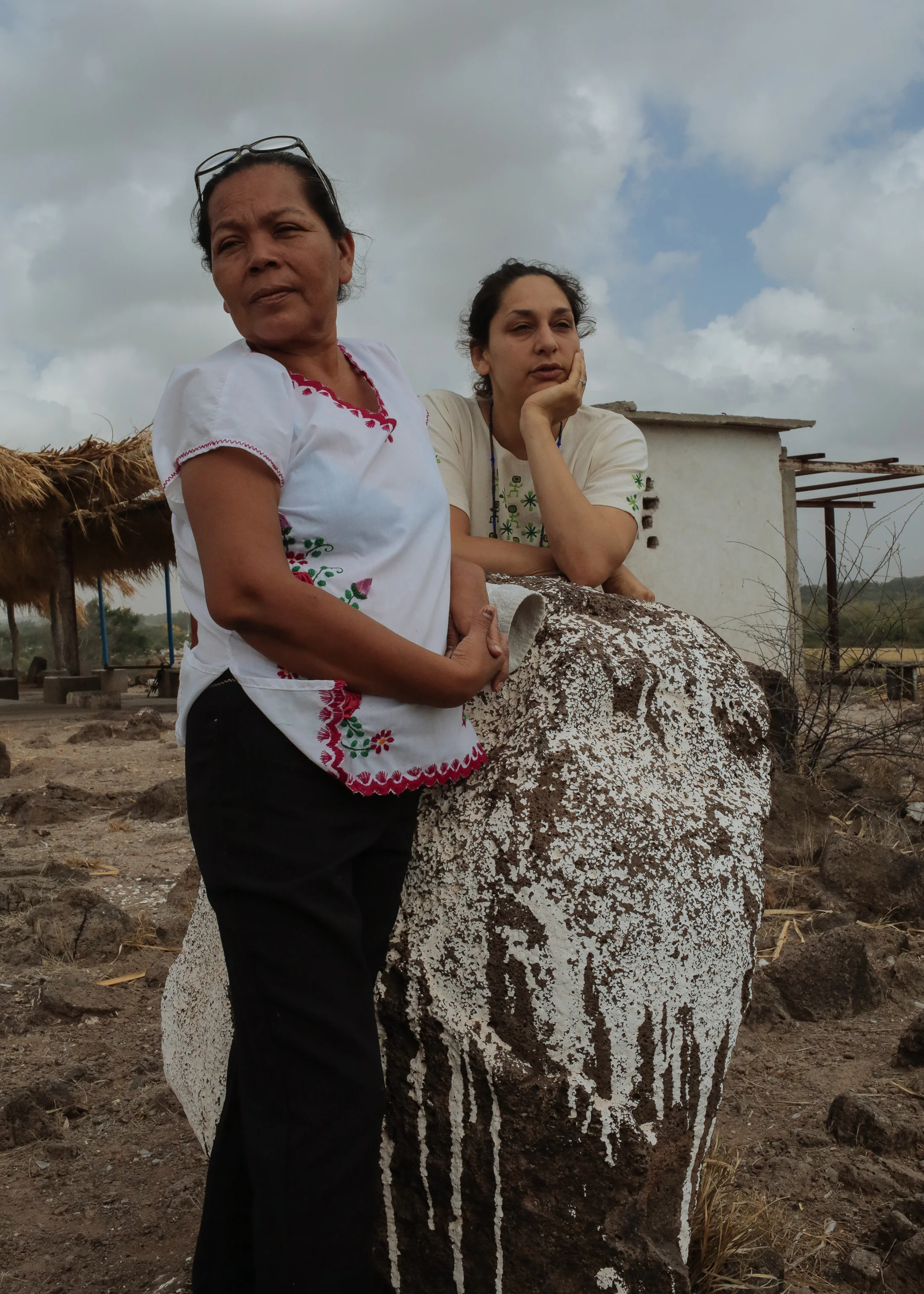 sonora_009.jpg
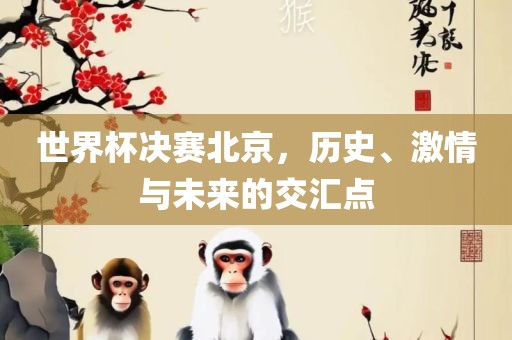世界杯决赛北京，历史、激情与未来的交汇点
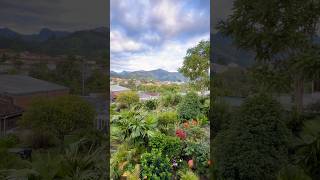 Views in Salento, Colombia hit different 🌴Hotel: Villa Salento Boutique Apartments & Spa #travel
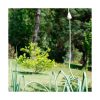 Allium - Saint Germain - Imagen 2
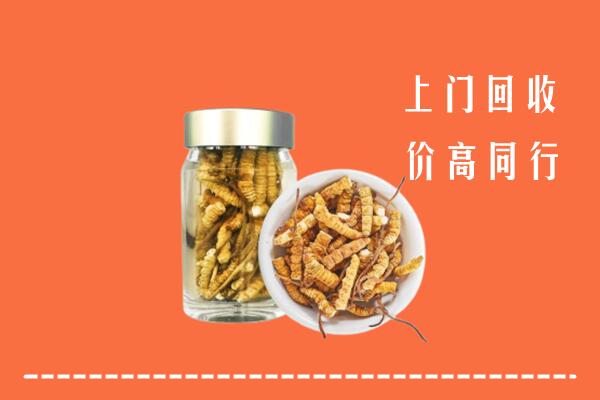 乌当区回收冬虫夏草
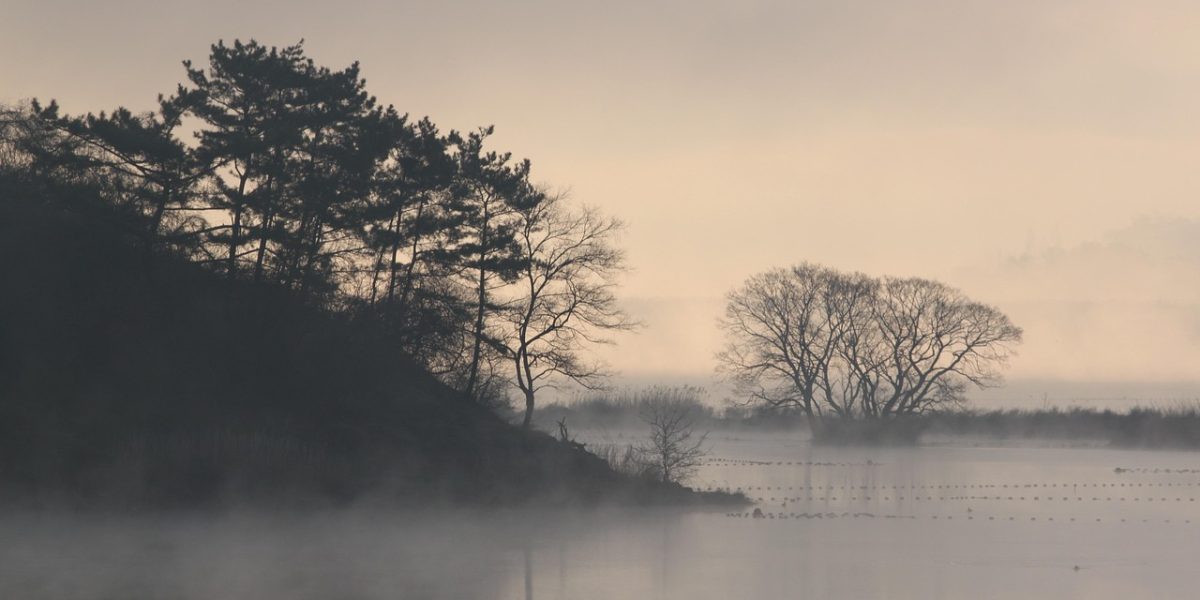 spinelee-bog-7426469_1280.jpg - ReactMedia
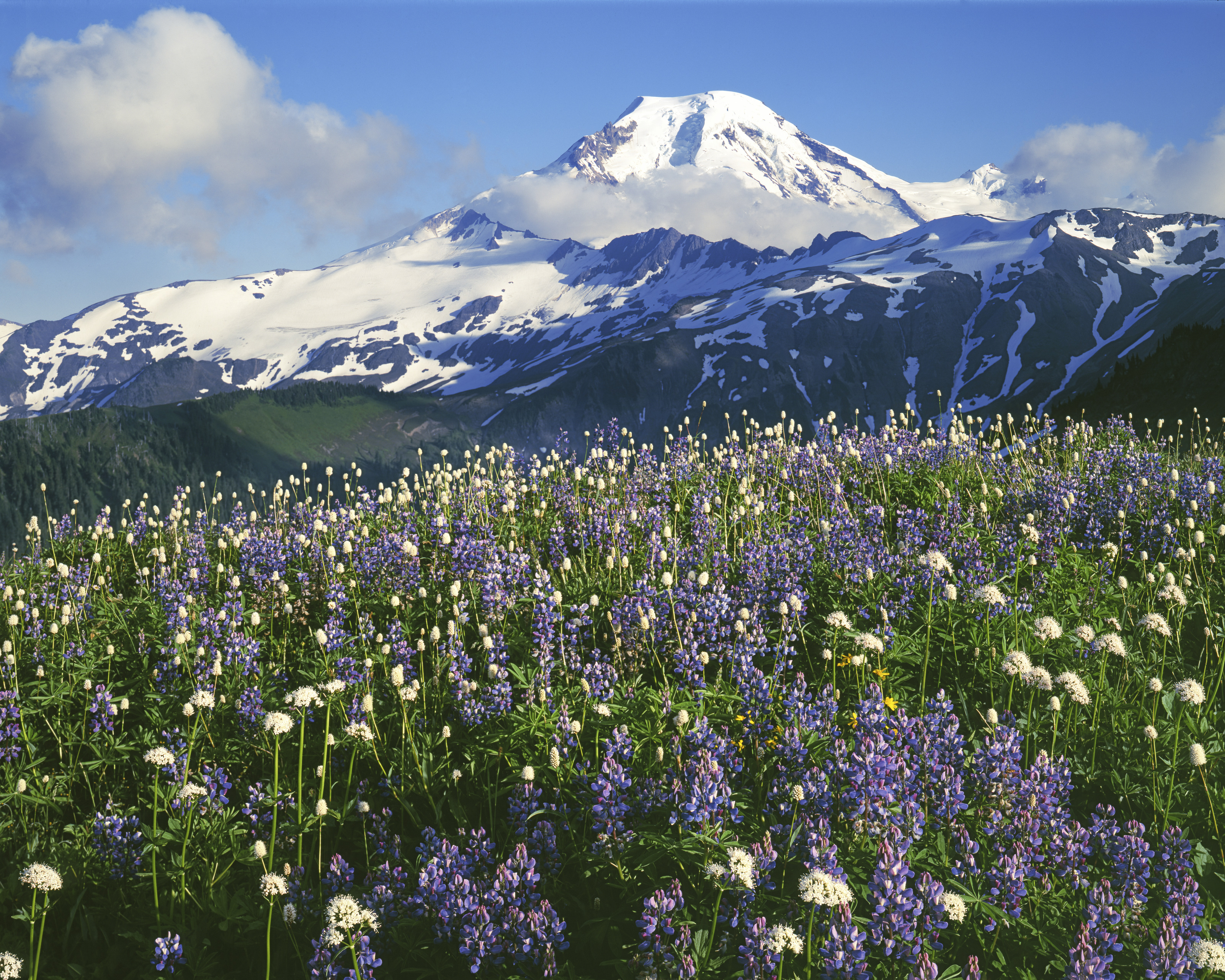 Mt. Baker Snoqualmie Nat. Forest Meadows Mural - Murals Your Way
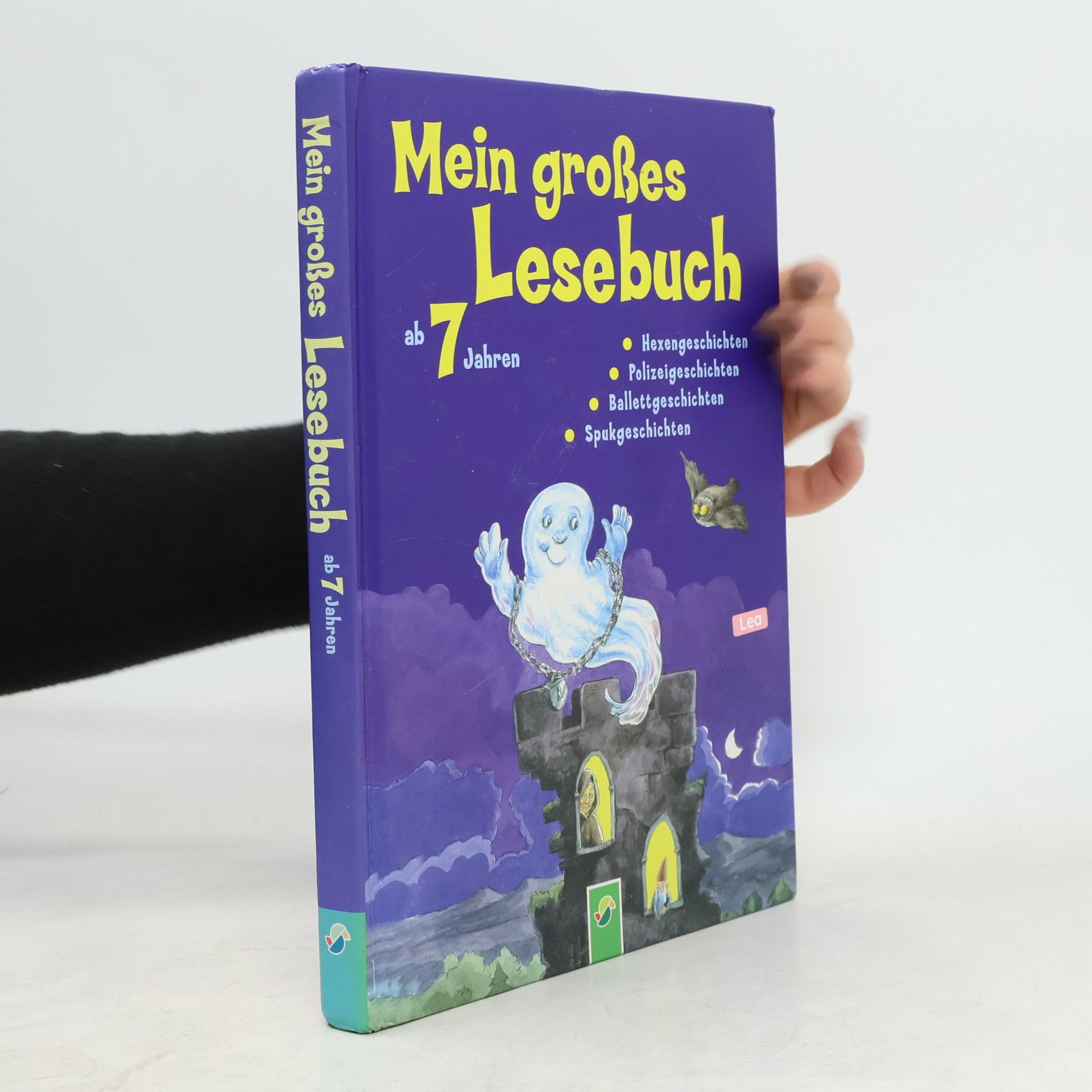 Anke Breitenborn Mein großes Lesebuch ab 7 Jahren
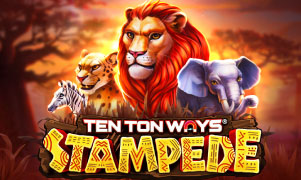 Ten Ton Ways Stampede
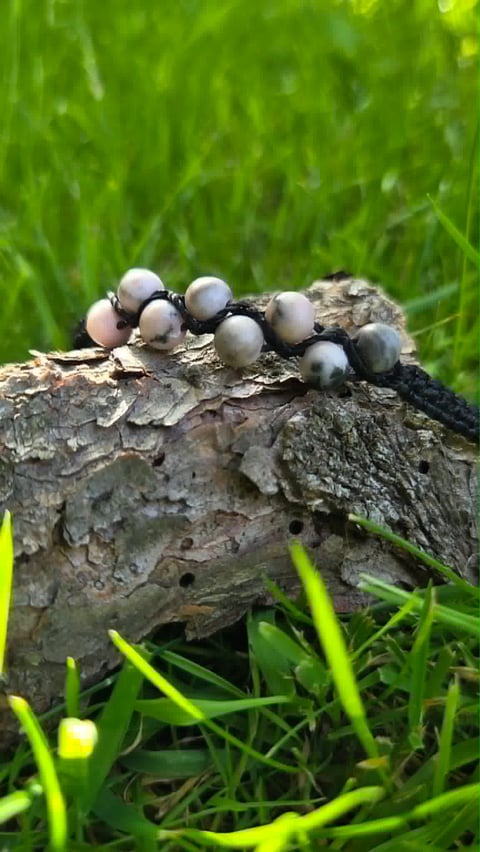 Cluster of pearlescent gray berries on weathered bark surrounded by green grass and moss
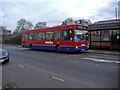 274 bus outside London Zoo, Prince Albert Road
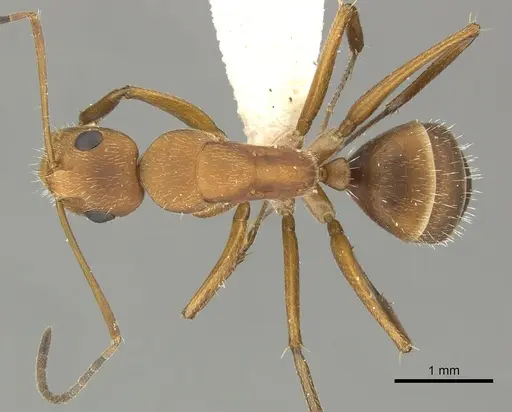 Camponotus coriolanus - JTLC000000442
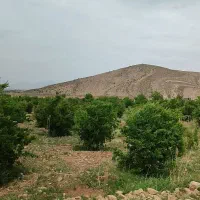 باغ500متری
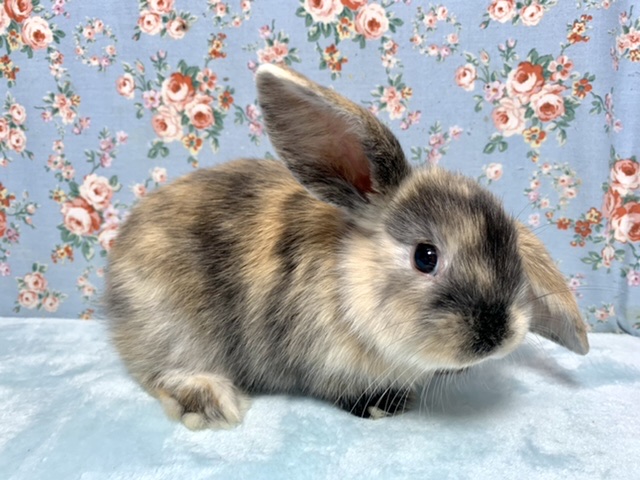 ホーランドロップ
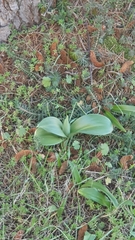 Himantoglossum robertianum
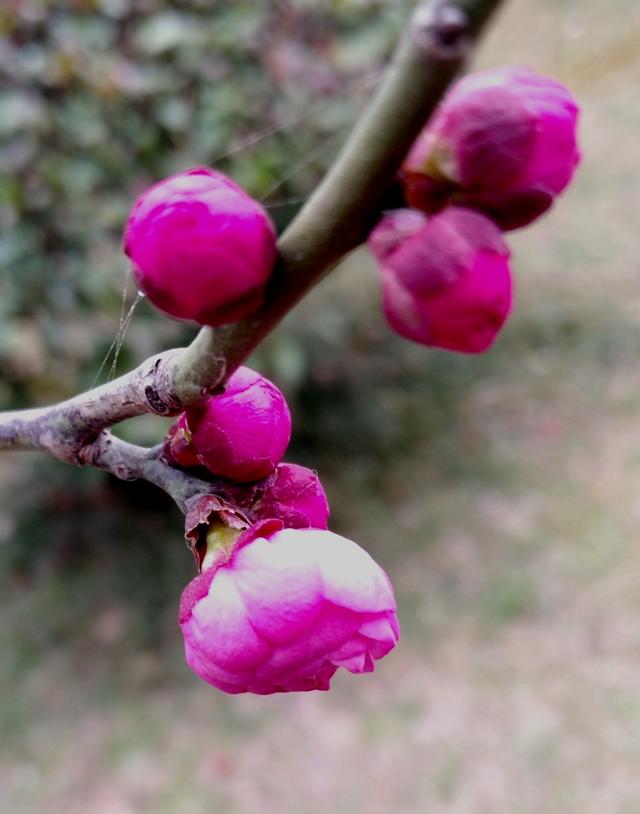 随感，梅花为谁而开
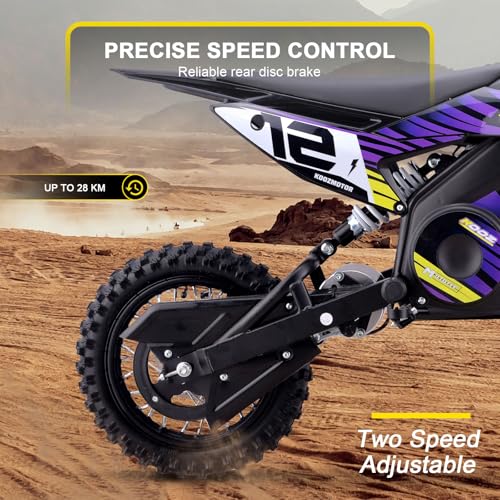 Electric Dirt Bike 36V 1000W Purple C585677
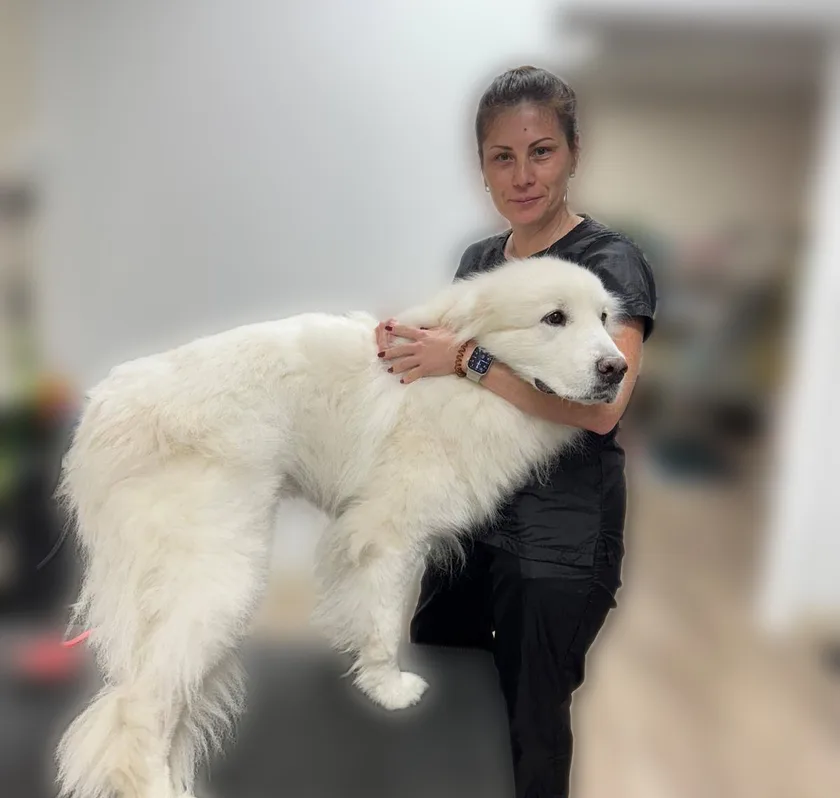 Zamira with a fluffy white dog on the grooming table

------------------------

Task requirements
Exactly as written, reproduce the lines from the beginning of the material through the line with "Mt. Baker Snoqualmie", and skip any picture.

Answer section
 sonora_009.jpg
世界杯决赛北京，历史、激情与未来的交汇点
 Views in Salento, Colombia hit different 🌴Hotel: Villa Salento Boutique Apartments & Spa #travel
 Allium - Saint Germain - Imagen 2
 乌当区回收冬虫夏草
 spinelee-bog-7426469_1280.jpg - ReactMedia
 Mt. Baker Snoqualmie Nat. Forest Meadows Mural - Murals Your Way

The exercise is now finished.